Richard -   Well I really couldn't have picked a better day to investigate the effects of moisture of soil.  I'm in the grounds of Swansea University with Stefan Doerr and you've got a water bottle here.  Why do we need a water bottle when it's raining quite so much?

Lotus Leaf Repelling WaterStefan -   Yeah, that's a good point.  Well, I'm just going to add a little bit more water to two different soils here on campus.  One is under a conifer tree and the other one is under a deciduous tree and I'm just going to show you the effect.

Richard -   Sweep away the leaves...

Stefan -   Yup, so we've got a nice smooth soil surface here under the conifer tree, and look at that, it's actually not going in.  It's beading up.

Richard -   That's really weird.  It's almost like mercury.  As if you poured mercury on the surface, not that you're allowed to do that anymore.  As if you poured mercury on the sort of the beads of water - on a soaking wet day?

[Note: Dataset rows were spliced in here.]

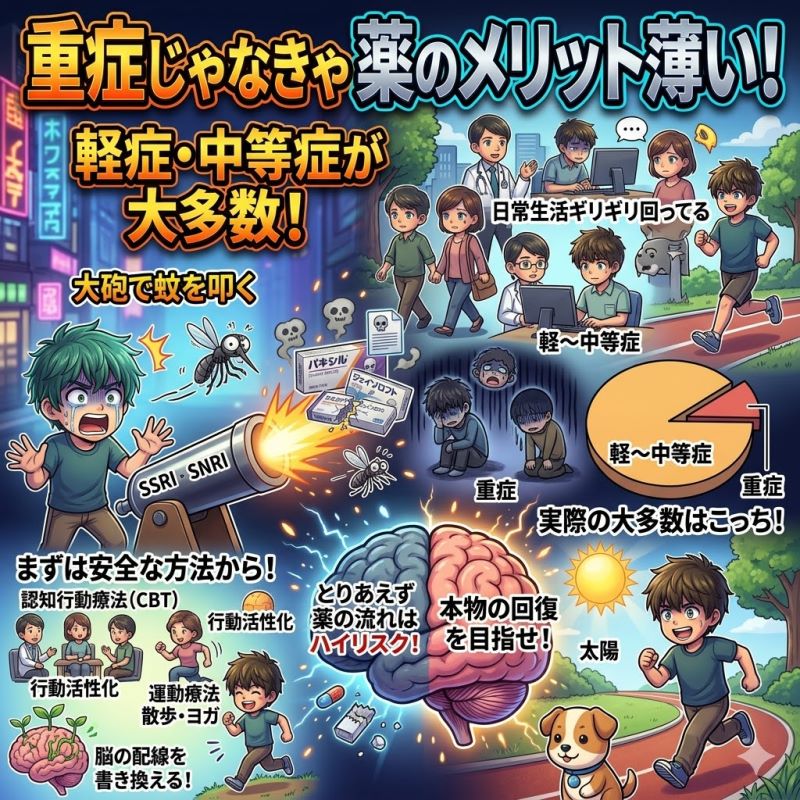 重症じゃなきゃ薬のメリットは薄い。軽症・中等症が大多数だぞ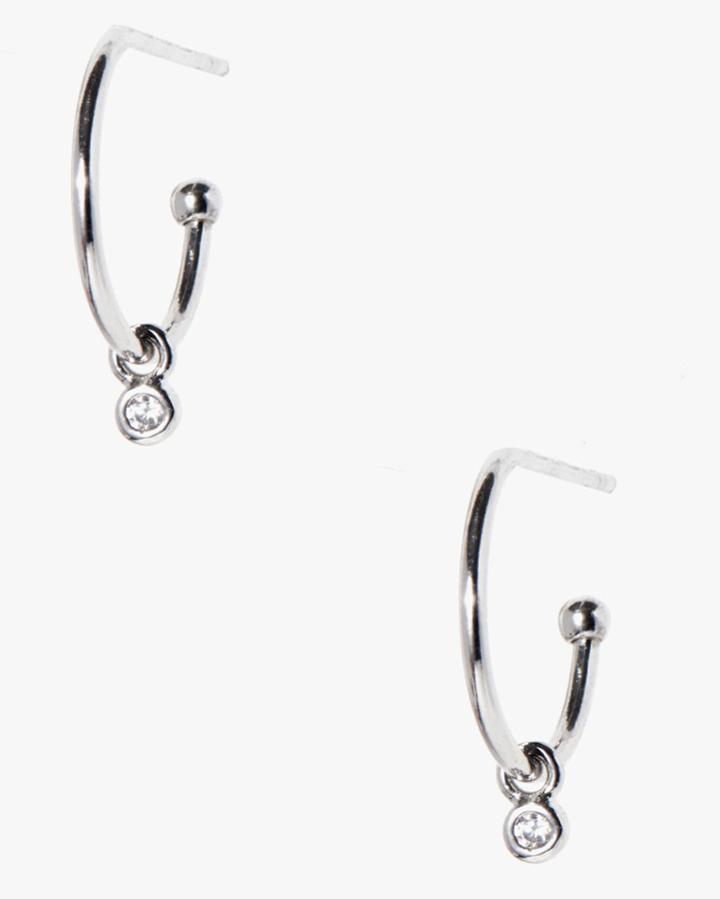 7 For All Mankind Women's Large Sized Hoops With Cz Charm In Silver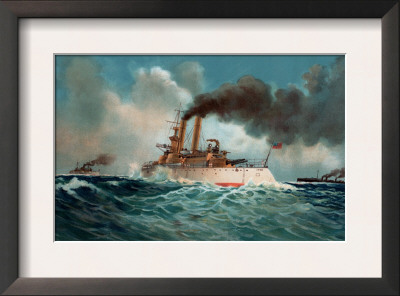 Battleship Texas, Battleship Iowa, And Torpedoboat Porter, 1899 by Werner Pricing Limited Edition Print image
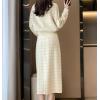 imagechouyatou Women Winter 2 Piece Sweater Skirt Sets Plaid Ribbed Knit Sweater Top Bodycon Midi Skirt OutfitsApricot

Stefan -   Well exactly.  Everywhere else, it's soaking wet.  Let's just move to somewhere else and let's put some water onto what I would say a normal soil.  If we pour some water on it, we get what we normally expect to get, the water infiltrates fairly rapidly although the soil is already fairly wet from the rain we had now for probably 24 hours.

Richard -   Which raises the question, why is it not soaking in, under that conifer tree?

Stefan -   Well, exactly.  I mean, that's what we call soil hydrophobicity or soil water repellency.

Richard -   Now you've been investigating this, not outside, but actually in the lab.

Stefan -   To really understand the phenomenon, we basically have to go into the lab.  We have to investigate it in quite some detail, and at a range of scales as well.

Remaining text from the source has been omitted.